Researchers at Imperial College London are reporting that food freshness sensors may eventually replace use-by dates to reduce the amount of food that is wasted by supermarkets and consumers. The new food sensors can help detect spoilage gases like ammonia that are present in meat and fish products.
Around 33 percent of UK consumers dispose of food based entirely on the use-by date. However, an estimated 4.2 million tons of food that is thrown away each year is actually safe to eat.
The prototype sensors, known as paper-based electrical gas sensors (PEGS), cost only two cents to make. The sensor data can be read by smartphones, making it simple for consumers to scan products and check to see if the food is still edible.
The researchers made the sensors by printing carbon electrodes onto cellulose paper. The materials are eco-friendly, non-toxic, and safe to use in food packaging. A series of microchips, or near field communication (NFC) tags, are incorporated into the sensors so the information can be picked up by nearby mobile devices.

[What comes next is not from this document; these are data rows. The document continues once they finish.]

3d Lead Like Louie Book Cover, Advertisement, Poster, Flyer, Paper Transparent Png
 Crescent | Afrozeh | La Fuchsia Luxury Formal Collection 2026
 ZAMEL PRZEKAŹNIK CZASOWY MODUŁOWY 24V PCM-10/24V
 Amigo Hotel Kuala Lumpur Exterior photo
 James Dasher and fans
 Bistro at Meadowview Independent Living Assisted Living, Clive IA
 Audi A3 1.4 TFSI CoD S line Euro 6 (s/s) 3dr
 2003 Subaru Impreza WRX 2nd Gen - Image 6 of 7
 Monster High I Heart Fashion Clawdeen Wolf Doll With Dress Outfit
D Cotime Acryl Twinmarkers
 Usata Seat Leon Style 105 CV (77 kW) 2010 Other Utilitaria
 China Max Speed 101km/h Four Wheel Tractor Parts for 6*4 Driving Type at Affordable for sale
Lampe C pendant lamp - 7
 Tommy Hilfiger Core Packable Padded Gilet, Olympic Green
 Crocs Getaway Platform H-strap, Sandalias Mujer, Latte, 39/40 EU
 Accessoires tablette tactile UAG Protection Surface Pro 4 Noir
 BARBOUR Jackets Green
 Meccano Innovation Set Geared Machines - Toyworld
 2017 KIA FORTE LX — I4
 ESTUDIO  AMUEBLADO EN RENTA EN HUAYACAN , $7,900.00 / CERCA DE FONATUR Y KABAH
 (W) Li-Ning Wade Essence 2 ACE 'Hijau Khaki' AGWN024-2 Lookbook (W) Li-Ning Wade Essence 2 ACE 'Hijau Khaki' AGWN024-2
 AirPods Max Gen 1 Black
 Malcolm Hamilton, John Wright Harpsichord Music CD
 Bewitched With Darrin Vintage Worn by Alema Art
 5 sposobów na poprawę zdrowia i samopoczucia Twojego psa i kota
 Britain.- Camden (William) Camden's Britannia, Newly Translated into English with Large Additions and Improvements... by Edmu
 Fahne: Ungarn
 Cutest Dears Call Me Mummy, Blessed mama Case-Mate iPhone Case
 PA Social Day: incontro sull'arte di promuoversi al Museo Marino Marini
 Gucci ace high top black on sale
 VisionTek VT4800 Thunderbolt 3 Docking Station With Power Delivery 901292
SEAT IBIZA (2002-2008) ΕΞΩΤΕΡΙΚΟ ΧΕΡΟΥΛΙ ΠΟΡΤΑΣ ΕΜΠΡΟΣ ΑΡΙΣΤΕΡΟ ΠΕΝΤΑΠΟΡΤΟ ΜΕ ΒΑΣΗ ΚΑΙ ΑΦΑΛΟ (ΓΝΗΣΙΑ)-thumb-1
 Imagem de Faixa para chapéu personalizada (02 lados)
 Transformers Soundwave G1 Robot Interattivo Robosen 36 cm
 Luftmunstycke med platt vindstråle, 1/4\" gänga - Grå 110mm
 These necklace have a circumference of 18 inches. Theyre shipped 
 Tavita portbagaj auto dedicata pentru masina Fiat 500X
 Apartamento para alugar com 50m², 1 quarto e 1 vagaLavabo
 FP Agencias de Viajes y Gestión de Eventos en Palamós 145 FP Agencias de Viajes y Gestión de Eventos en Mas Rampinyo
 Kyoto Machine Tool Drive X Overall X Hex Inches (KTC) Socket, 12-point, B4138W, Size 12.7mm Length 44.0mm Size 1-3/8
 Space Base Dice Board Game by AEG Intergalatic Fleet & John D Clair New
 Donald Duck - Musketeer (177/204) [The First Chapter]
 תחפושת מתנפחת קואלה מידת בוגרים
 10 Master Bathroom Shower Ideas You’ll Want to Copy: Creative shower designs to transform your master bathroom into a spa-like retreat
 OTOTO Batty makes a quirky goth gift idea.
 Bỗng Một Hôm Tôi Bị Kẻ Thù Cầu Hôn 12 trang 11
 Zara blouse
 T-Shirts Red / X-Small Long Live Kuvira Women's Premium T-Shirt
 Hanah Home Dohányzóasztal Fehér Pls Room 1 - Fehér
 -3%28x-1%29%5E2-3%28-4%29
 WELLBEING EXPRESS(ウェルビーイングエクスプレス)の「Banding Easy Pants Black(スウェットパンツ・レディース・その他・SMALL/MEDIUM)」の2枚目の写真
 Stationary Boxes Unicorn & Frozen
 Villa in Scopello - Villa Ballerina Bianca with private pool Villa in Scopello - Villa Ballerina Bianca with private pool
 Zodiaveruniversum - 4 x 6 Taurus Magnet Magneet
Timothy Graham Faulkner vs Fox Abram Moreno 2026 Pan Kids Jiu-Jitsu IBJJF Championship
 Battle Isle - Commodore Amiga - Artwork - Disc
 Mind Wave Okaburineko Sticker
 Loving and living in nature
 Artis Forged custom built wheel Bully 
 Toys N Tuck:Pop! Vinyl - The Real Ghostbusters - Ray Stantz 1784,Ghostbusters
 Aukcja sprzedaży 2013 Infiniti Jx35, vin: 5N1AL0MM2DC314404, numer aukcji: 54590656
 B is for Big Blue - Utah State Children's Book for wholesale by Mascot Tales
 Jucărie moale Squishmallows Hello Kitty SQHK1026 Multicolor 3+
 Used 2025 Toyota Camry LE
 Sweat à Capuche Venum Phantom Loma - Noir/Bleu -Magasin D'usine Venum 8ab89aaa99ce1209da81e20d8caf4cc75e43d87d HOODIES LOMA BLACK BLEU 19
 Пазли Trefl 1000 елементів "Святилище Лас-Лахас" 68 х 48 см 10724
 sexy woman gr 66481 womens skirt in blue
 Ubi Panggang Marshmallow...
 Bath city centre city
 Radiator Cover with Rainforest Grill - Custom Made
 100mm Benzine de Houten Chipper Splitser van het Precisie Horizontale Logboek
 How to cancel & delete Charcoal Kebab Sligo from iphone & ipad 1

During lab tests on packaged fish and chicken, PEGS picked up trace amounts of spoilage gases quickly and more accurately than existing sensors. According to the researchers, the sensors could eventually replace the use-by date and lower the cost of food for both retailers and consumers.
“Although they’re designed to keep us safe, use-by dates can lead to edible food being thrown away. In fact, use-by dates are not completely reliable in terms of safety as people often get sick from foodborne diseases due to poor storage, even when an item is within its use-by,” explained study lead author Dr. Firat Güder.
“Citizens want to be confident that their food is safe to eat, and to avoid throwing food away unnecessarily because they aren’t able to judge its safety. These sensors are cheap enough that we hope supermarkets could use them within three years.”
“Our vision is to use PEGS in food packaging to reduce unnecessary food waste and the resulting plastic pollution.”
The study is published in the journal ACS Sensors.